If we want URIs to appear to contain non-ASCII characters, we need to
alter the URI model somehow. Here are three possibilities (there may be
others):
1. Use ACE, and add a rule saying that user agents should convert
to/from ACE when interacting with the user. This has the advantage of
changing nothing at the lower layers, but doesn't immediately answer
the next obvious question: how to allow non-ASCII characters to appear
in the rest of the URI. Perhaps ACE should be generalized to be usable
in other parts of URIs in addition to the domain names. This approach
exposes the ACE to people editing files containing URIs.
2. Change the rule about how URIs are presented to the user, so that %hh
sequences (except those for excluded ASCII characters) are unescaped and
interpreted as UTF-8. When URIs are obtained from the user, they must
be converted to UTF-8 and escaped before being dereferenced. This has
the same advantages and disadvantages as the previous approach.
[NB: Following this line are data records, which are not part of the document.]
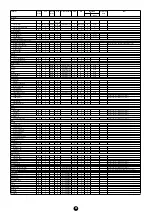 Предварительный просмотр 23 страницы Yamaha Clavinova CVP-900 Data List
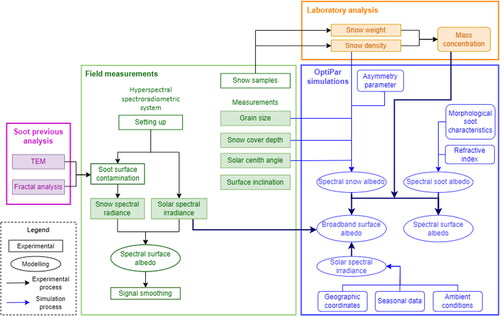 Figure 4. Flowchart of the experimental-modeling methodology.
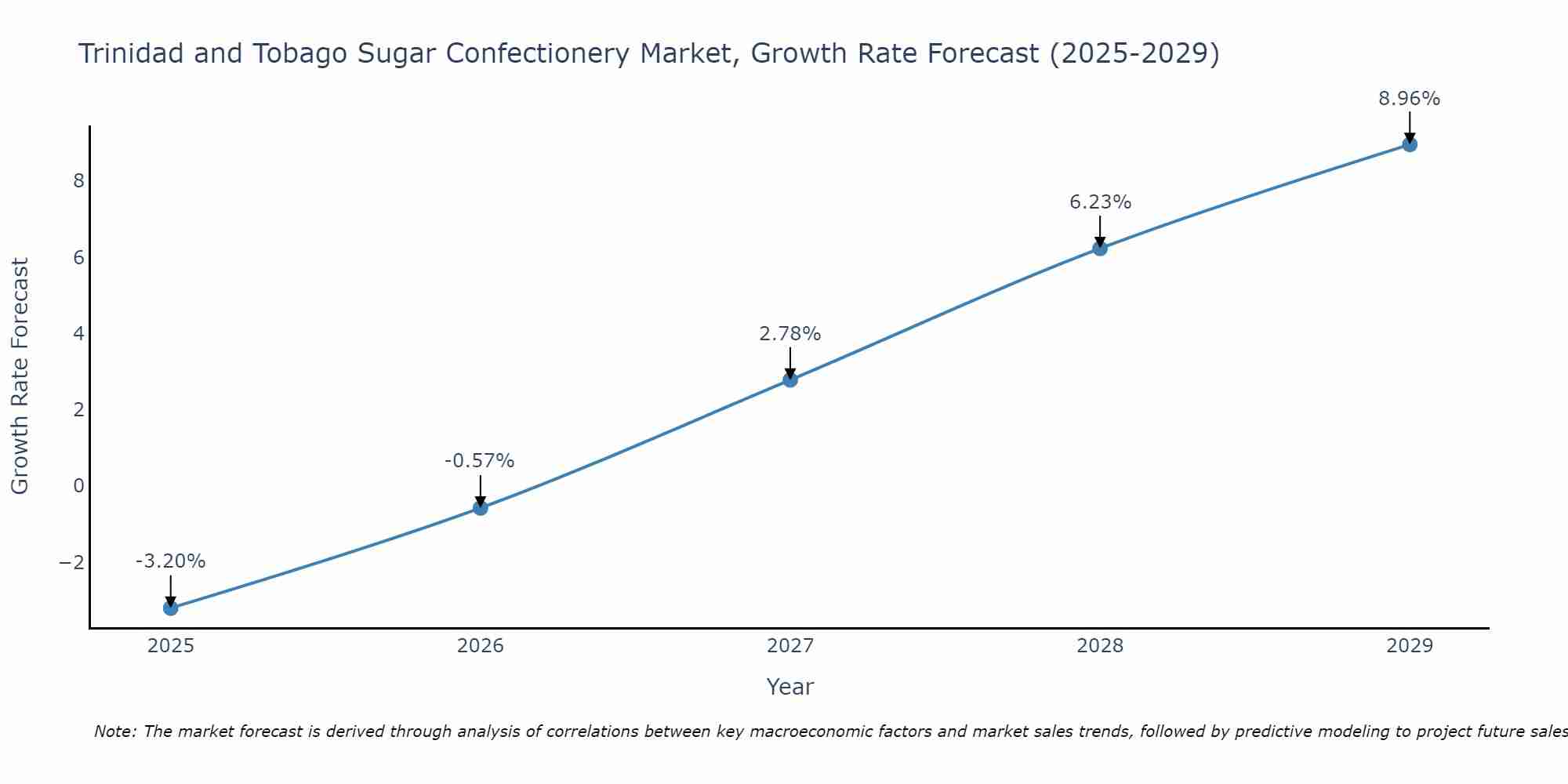 Trinidad and Tobago Sugar Confectionery Market Size Growth Rate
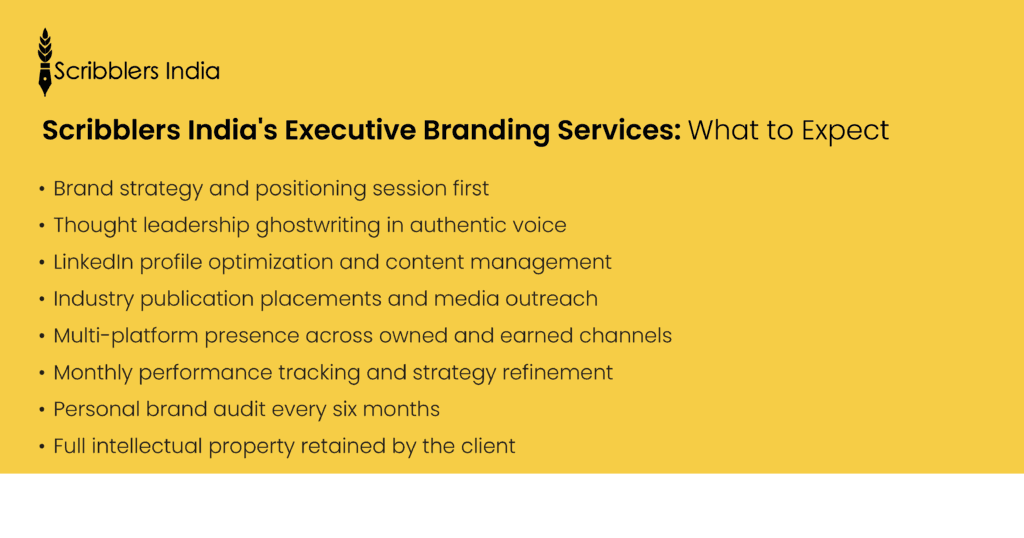 Scribblers India's Executive Branding Services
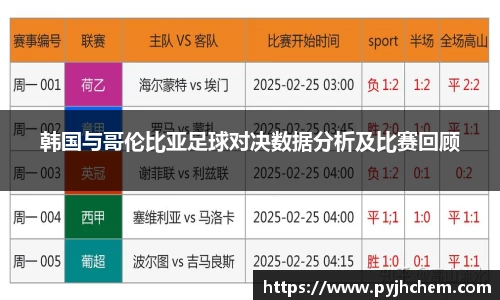 韩国与哥伦比亚足球对决数据分析及比赛回顾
3. Allow a much larger set of characters in URIs. This approach suffers
from the same problem as in the non-Japanese friend scenario above.
It would also require changing any protocol that embeds URIs without
specifying a sufficiently expressive encoding, most notably HTTP. HTTP
does not say what encoding is used for URIs; it is implicitly ASCII
or an extension of ASCII. HTTP assumes ISO-8859-1 for comments and
unstructured text in message headers, so it would not go without saying
that 8-bit URIs are in UTF-8; that would have to be added to the spec,
and who knows how existing implementations would react to 8-bit URIs.
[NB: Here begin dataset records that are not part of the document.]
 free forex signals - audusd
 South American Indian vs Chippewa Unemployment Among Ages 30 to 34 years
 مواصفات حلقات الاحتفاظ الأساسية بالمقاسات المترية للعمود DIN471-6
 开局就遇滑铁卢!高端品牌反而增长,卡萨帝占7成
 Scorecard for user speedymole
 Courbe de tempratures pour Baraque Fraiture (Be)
Allowing URIs to appear to contain non-ASCII characters (using any
approach) is counter to the URI design goal of transcribability (the
business card scenario), but if we value transcribability more than i18n
then we should forget about IDN altogether.
> ACE is not a 7-bit encoding of the UCS. It's a two-step encoding,
> first from the UCS to the legacy host name repertoire, and then from
> there to 7-bit octets (using US-ASCII).
Thank you! I had missed that subtlety, but you're right, host names
are not required to be represented in ASCII; they are just sequences
of characters. An EBCDIC system would apply an EBCDIC-to-ASCII
transformation to any outgoing host names; if ACE mapped Unicode to
bytes rather than characters, the ACE host names leaving the EBCDIC
system would get scrambled.
John C Klensin <klensin@jck.com> wrote:
[business-card scenario]
Ouch. IDN is so difficult, maybe it's hopeless.
The unaccented Latin alphabet and Arabic numerals (and a few punctuation
marks) make an excellent set of characters for universal names, because
it's a small set that is recognized by more humans and more machines
than any other. That's surely a big part of why this set was chosen
for domain names and URIs, which are intended to be usable by anyone,
anywhere.
A giant character set is by nature ill-suited to the task of universal
naming. Perhaps we have no choice but to view IDNs as deliberately
non-interoperable things, optimized for particular communities.
As for the business cards, maybe people will just register two names,
one native and one romanized (perhaps translated), with one being a
CNAME for the other. I can't immediately think of anything easier for
the people trying to use the names on the card.
AMC